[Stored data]
◆ ◆ ◆ ◆
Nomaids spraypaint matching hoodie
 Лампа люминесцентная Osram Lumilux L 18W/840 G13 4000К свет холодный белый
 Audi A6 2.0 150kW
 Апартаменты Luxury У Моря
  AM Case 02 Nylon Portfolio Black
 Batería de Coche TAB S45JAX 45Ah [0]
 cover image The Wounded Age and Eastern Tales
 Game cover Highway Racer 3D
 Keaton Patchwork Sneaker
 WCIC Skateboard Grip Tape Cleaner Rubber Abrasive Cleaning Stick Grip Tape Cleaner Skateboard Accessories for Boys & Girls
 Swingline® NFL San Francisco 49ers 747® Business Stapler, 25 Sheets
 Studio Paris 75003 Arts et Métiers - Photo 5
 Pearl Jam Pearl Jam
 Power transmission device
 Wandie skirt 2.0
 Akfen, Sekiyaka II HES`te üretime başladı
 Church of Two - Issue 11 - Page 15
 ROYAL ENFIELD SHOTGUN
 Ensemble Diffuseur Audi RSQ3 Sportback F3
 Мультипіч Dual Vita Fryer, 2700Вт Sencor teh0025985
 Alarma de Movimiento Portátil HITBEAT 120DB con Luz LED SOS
◆ ◆ ◆ ◆
> _Required action_
Would you copy each line of the records that contains "Audi"?

> _Result of the exercise_
 Audi A6 2.0 150kW
 Ensemble Diffuseur Audi RSQ3 Sportback F3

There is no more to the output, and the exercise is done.